[Date Prev][Date Next][Thread Prev][Thread Next][Date Index][Thread Index]
Re: VCP

To: James Wolffe <James_Wolffe@xxxxxxxxxx>, 1355-association@xxxxxxxxxxxxxx, occam-com@xxxxxxxxx, Paul Walker <paul@xxxxxxxxxxxxxxxxxx>, barry@xxxxxxxxxxxxxx, 106375.1222@xxxxxxxxxxxxxx, 104330.1033@xxxxxxxxxxxxxx, ian.page@xxxxxxxxxxxxxxx
Subject: Re: VCP
From: "info@xxxxxxxxx" <info@xxxxxxxxx>
Date: Sun, 15 Dec 1996 23:51:22 +0100
Dear all,

I think Wolfe's remarks are an excellent contribution to the idea of a new
"VCP". As I already pointed out in a reply to Paul Walker, the VCP is nice
and can provide better performance in certain conditions. My question is a
bit if it is worthwhile when considering a more general purpose use. The
VCP, at least as I see it in the now defunct T9000, implements pure occam -
read synchronized - channels. As such we are talking about bitstreams. The
user himself is responsible for application level headers, giving a more
semantic content to the datastreams. As a result when the mapping in the
network or its topology is changed, often the application code has to be
adapted.
To illustrate this, I would like to explain a bit of the history and the
current implementation of our communication scheme in Virtuoso Classico /VSP.
VSP stands for Virtual Single Processor and defines portability and fully
distributed semantics. (transparent parallel processing).

1. History.
-----------
Virtuoso started as a port of a simple single processor real-time kernel to
the T414/T800 in 1990. This was the first time prioritized pre-emptive
scheduling was made possible on the transputer. It offered tasks,
semaphores, FIFO queues, mailboxes and logical resources. In the next year
we developed a first distributed version. The idea was to allow the
programmer to use any of the "kernel objects" without the need to know where
they were located in the network, the routing being done by the system
level. This worked but we discovered some major problems with the syntax and
semantics of the existing kernel and its API (the same applies for many
RTOS, including POSIX). Some services could not be distributed without some
serious side-effects. E.g. the semaphores were binary, we needed counting
semaphores, the mailboxes were tied in with a receiver task and passed
pointers. We needed a much more symmetric situation and copies instead of
pointers.
The result is now a set of about 70 services, with synchronous and
asynchronous communication primitives. Through-routing is also done
automatically.   
In order to preserve the hard real-time capabilities, we also adapted a
communication scheme based on dynamic buffers and prioritised packet switching.
The packet switching is needed to avoid that a communication medium is
monopolized for a too long time, while the prioritization is needed to
assure that system wide - making abstraction of the unavoidable but
minimized communication delay - all higher priority activities happen first.
If you look at the FIFO scheduling in the transputer, you can discover very
serious FIFO effects at run-time. Hence, when using the T9000, we had to
program around the VCP routing scheme as it using a round-robin scheme. The
same applies for the resource queues. For your information, we never
released the T9000 version, because we didn't see any stable HW.
We ported this very succesfully to the TMS320C40 and the SHARC. The high
priority FIFO queue being replaced by a software version, our nanokernel. We
get excellent performance as you can see below. The routing scheme uses
command packets of 64 byte and user defined datapackets (typically 1 K or
less). The system also allows "fat links", whereby we split the packets over
multiple links at the same time.

               T800 - 30MHz          C40-40 MHz                 SHARC - 40 MHz.
------------------------------------------------------------------------------- 
Hop delay      50 microsecs         21 microsecs               20 microsecs
Throughput(task to task)
1 link         1.8 MB/s             19 MB/s                    39 MB/s
3 links        4.7 MB/s             30 MB/s                    100 MB/s
Context switch
nanokernel     +/- 1 microsec        1 microsec                580 nanosec.
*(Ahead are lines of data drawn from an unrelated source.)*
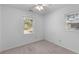 Bright bedroom featuring neutral colored carpet and two windows looking out into the yard at 1593 Westwood Dr, Charleston, SC 29412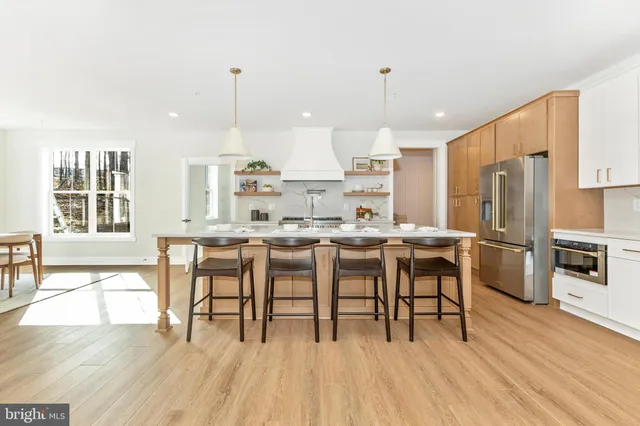a kitchen with stainless steel appliances a dining table chairs stove and refrigerator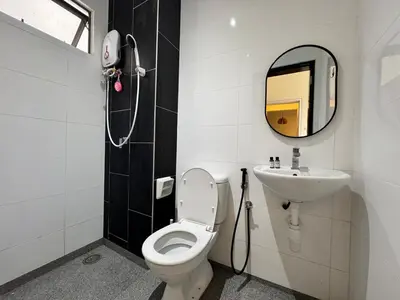 a bathroom with a sink and a toilet and a mirror at Peaceful 3BR 2B with Pool 10pax Wangsa Maju near Wangsa Walk in Kuala Lumpur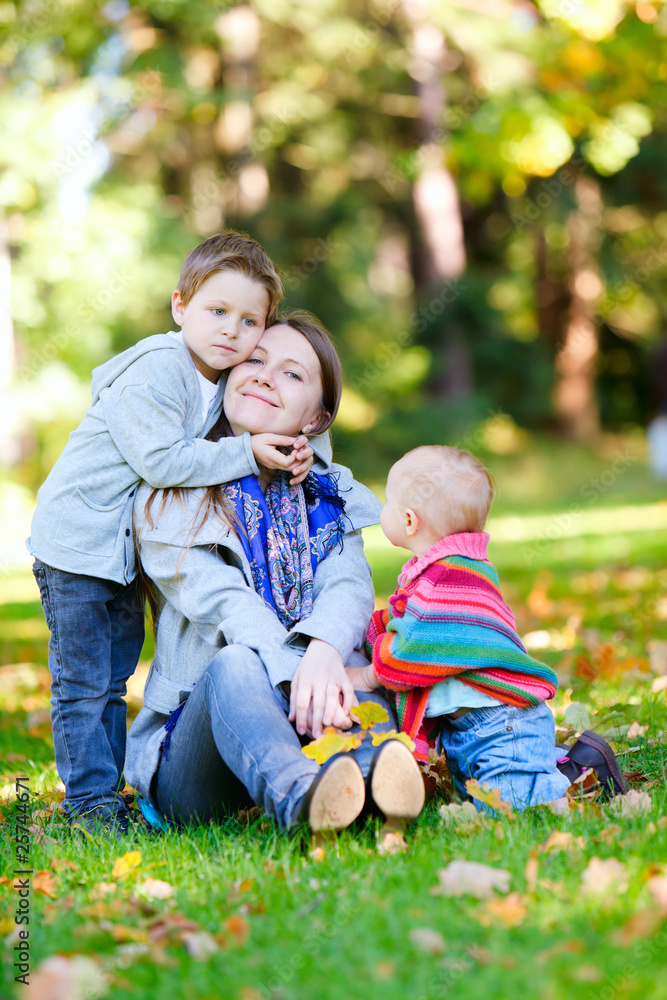Fototapeta premium Mother and two kids sitting on grass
Of course the programming effort on the DSP is a lot higher when compared
with the T800. You have to program a lot more in assembler, you have to
set-up the DMAs, etc. Also crucial is to minimize interrupt disabling and
latencies.
The main point is that while HW support like link switches and VCPs can
improve the performance, a more flexible SW implementation is not
necessarily that bad.

2. Other schemes.
----------------

We also have a couple of other products, like Virtuoso Nano /VSP where the
scheduling is round-robin (hence also the communication) and Virtuoso
Synchro (still a prototype), where the scheduling is static. For these
cases, no prioritisation is requied. For memory reasons when buffering, we
still need packets for Nano.

3. The interest of the T9000 link.
---------------------------------

One of the more difficult tasks in embedded real-time systems is fault
tolerance. And that's a major reason for our interest in the SMCS and T9000
link.
Our VSP model is a good starting point as the user can write his program
independently of the topology. So when he or the kernel detects a failing
link or processor, the correcting action is greatly reduced to updating
routing tables (I simplify things here a bit). An important aspect is that
the processor and communication failures can be isolated, independently
reset and can be stopped from propagating.
We could do this with the T800, by using a fault-tolerant link driver (using
error checking bits and time-outs). On the C40 or SHARC, this is virtually
impossible, unless you accept high overheads. So we gladly contributed to
the design of the SMCS. Note however that unless for start-up code, we will
most of the time not use the higher level SMCS protocols but just the naked
datacommunication scheme. The rest being done in SW, with the least amount
of work-arounds possible.
For fault-tolerance, however, even if the naked performance of
VSP+linkswitch can be better, I am not so sure it is that useable. If a
failure occurs in the VCP or the linkswitch, how many channels are affected
? How do you recover with the least amount of intrusion on the rest of the
system ? 
One must be very careful when putting things in HW. Often because of a
restricted application in mind, a lot can get lost when you force developers
to program around it for other types of applications. A typical example is
the HW stack used in many DSP. It saves ONE cycle when in sequential code,
it costs a lot more when the kernel has to swap the stack in a multi-tasking
environment. Fortunately, newer DSPs are getting rid of it (but for the main
reason that nobody can write a C compiler that can use the HW stack).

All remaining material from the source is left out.